Alrededor de los cincuenta años “uno se da cuenta que ya ha doblado de Cabo de Hornos de historia personal. Que la vida pasa. Que te quedan menos años y que quieres apurar algunas oportunidades perdidas, exprimir nuevas experiencias… y asoman los sentimientos y se lleva a cabo una revisión afectiva, que muchas veces no se produce de forma clara, sino soterrada, zigzagueante, intermitente… y es como si se abriera a nuevos vientos exteriores y emerge con cierta frecuencia el llamado síndrome del penúltimo tren”.
En las mujeres se lleva a cabo un repaso de cómo ha funcionado la familia. La mujer hace el hogar. Ella es la que transmite la afectividad y todo lo que se ahí se deriva (…) En Occidente la mujer sabe mucho más de los sentimientos que el hombre. Y ella tiene un termómetro más fino para captar cómo se han sucedido los hechos. En mi experiencia de psiquiatra, que me meto en tantas vidas con el objeto de intentar hacer algo por ayudarles, he observado muchas veces el doble rasero sobre este punto. Bastantes hombres no se plantean como va su vida conyugal en profundidad, pero la mujer sí.

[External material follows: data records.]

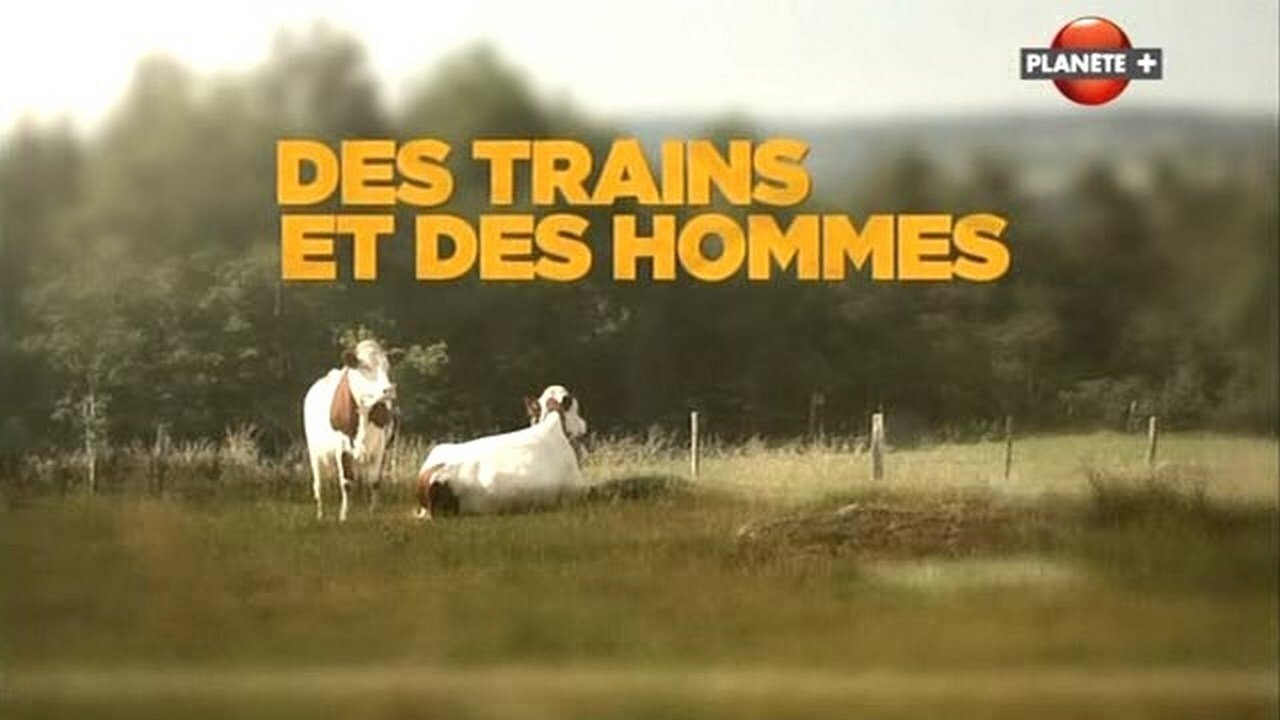 Il était une fois le train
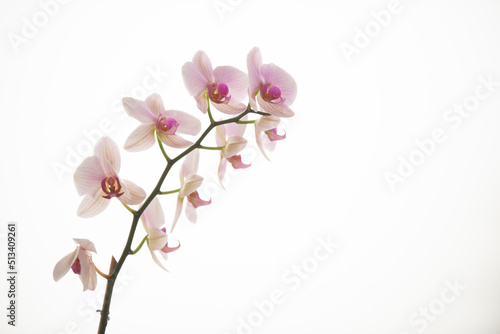 pink orchid flower © cafera13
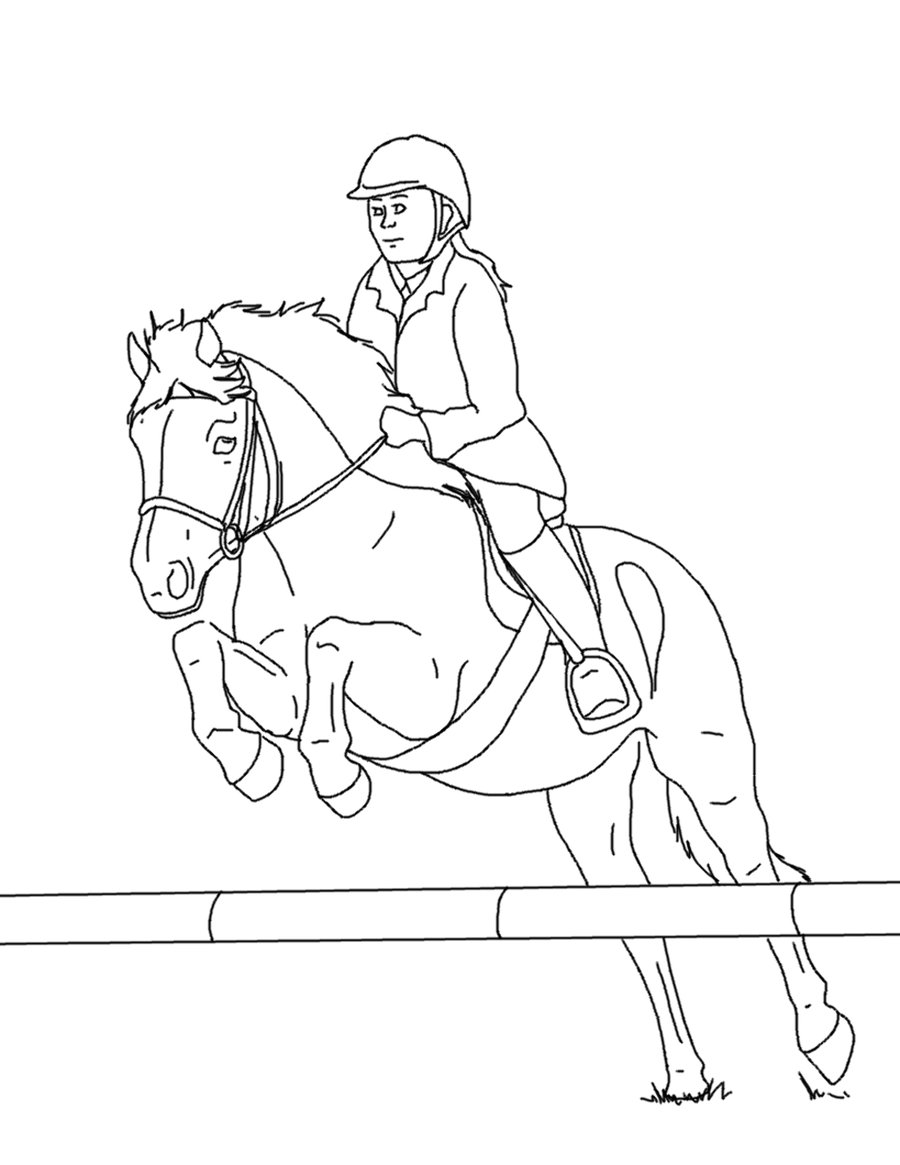 900x1165 Horseback Riding Drawings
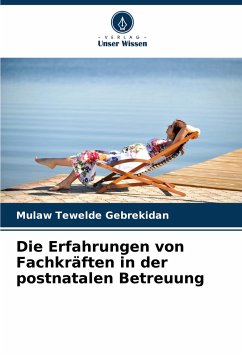 Die Erfahrungen von Fachkräften in der postnatalen Betreuung - Gebrekidan, Mulaw Tewelde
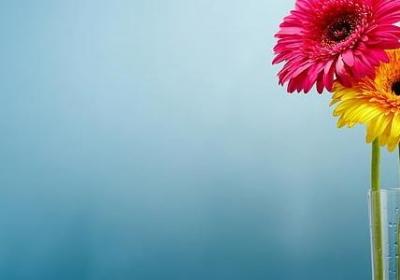 星云大师名言(实用80句)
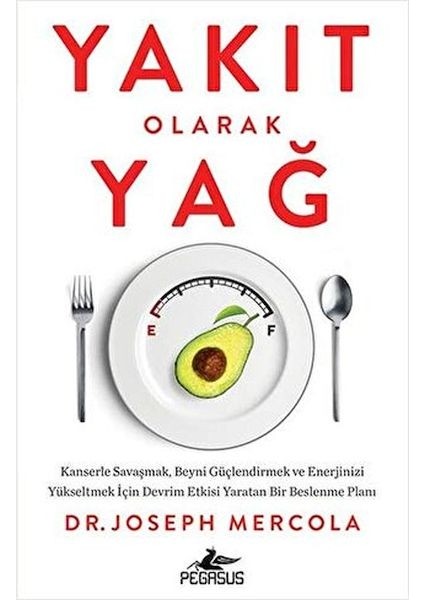Yakıt Olarak Yağ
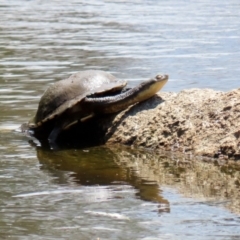 Chelodina longicollis at Paddys River, ACT - 31 Jan 2021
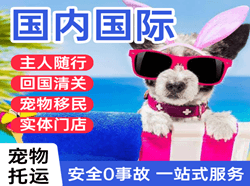 青山机场物流国际宠物托运 【国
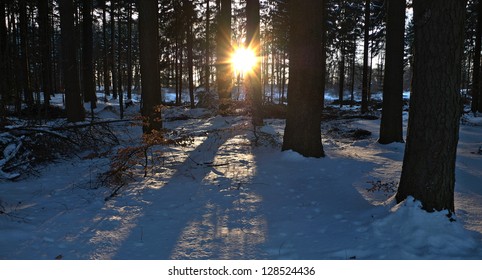 Sun shining through a winter forest in Scandinavia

Hay cuatro formas de construir una casa: sobre roca, sobre arena, en una superficie líquida y una última, en donde uno está preparado para corregir y reconstruirse. La primera es sólida y tiene unos cimientos firmes. La segunda es endeble, frágil y cuando vienen las dificultades y problemas importantes, aquello se derrumba porque la base no tenía consistencia. La tercera es cambiante y todo depende más o menos de las modas o de lo que se lleve en ese momento y el resultado no suele ser bueno. La cuarta es clave, porque antes o después la vida personal necesitará renovarse, cambiar, pulir, limar lo que no va bien y volver a empezar con nuevas ilusiones.
En los hombres se pasa revista a lo que uno ha hecho con su vida profesional. Este es uno de los grandes argumentos de la vida. Y vemos la distancia que puede haber habido entre lo que uno ha deseado y lo que uno ha conseguido. Por eso debemos aprender a perdonarnos, a ser condescendientes con nosotros mismos. Se aprende a vivir, viviendo. La vida es la gran maestra, enseña más que muchos libros. La vocación profesional es escrutada y se estudian parcelas de la misma y acontecimientos que nos han sucedido y cómo hemos ido siendo capaces de superar adversidades, contratiempos, rachas malas y un largo etcétera. Y se sacan lecciones, para aplicarlas en el futuro.